▸ Supplied information
Segment Open
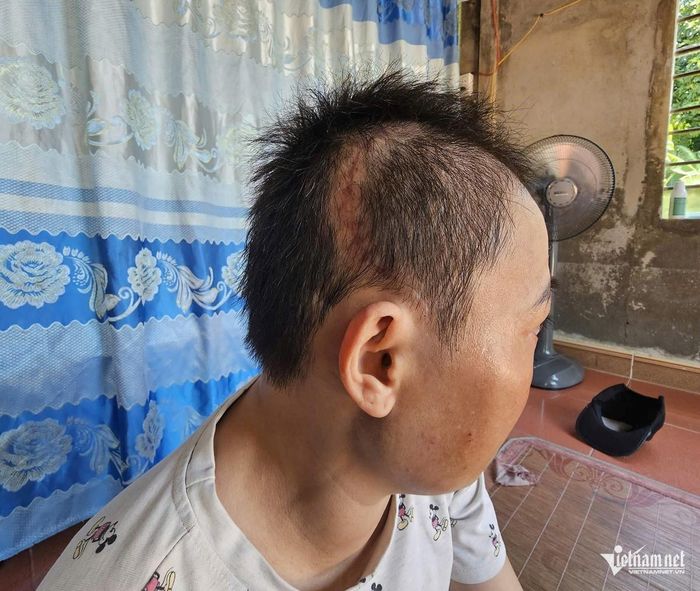 Chị Điếp đã được phẫu thuật lấy khối u làm xét nghiệm giải phẫu bệnh, kết quả xác định u màng não độ 2 (WHO). Ảnh: Hải Sâm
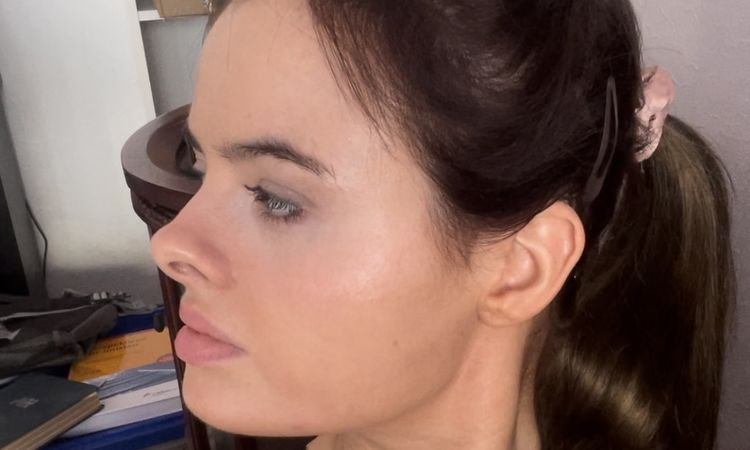 Fillers für einen jüngeren und freundlichen Look? - 77575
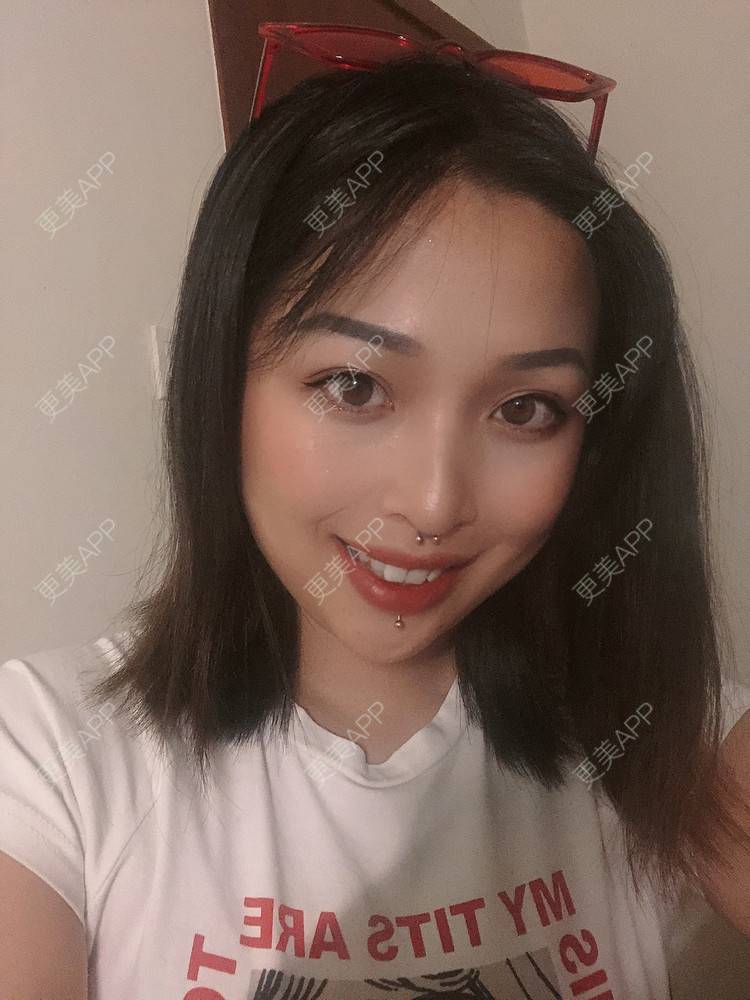 更美 - 更美用户P19XxFFfBr的植发际线经验 | 头顶加密种植 | 植发际线 | 成都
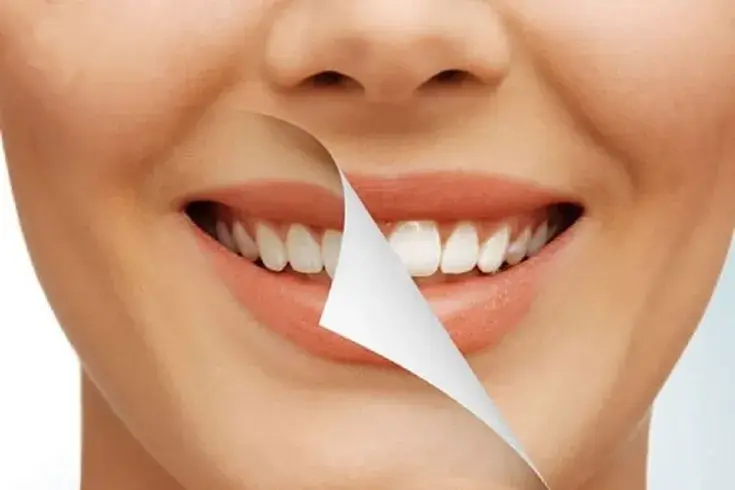 انواع روکش دندان از لحاظ متریال | راهنمای جامع 2025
Segment Closed
▸ What you need to do
With pictures omitted, copy exactly the lines from the one containing "更美 - 更美用户P19XxFFfBr的植发际线经验" through the final line of the listing, both included.

▸ Response area
 更美 - 更美用户P19XxFFfBr的植发际线经验 | 头顶加密种植 | 植发际线 | 成都
 انواع روکش دندان از لحاظ متریال | راهنمای جامع 2025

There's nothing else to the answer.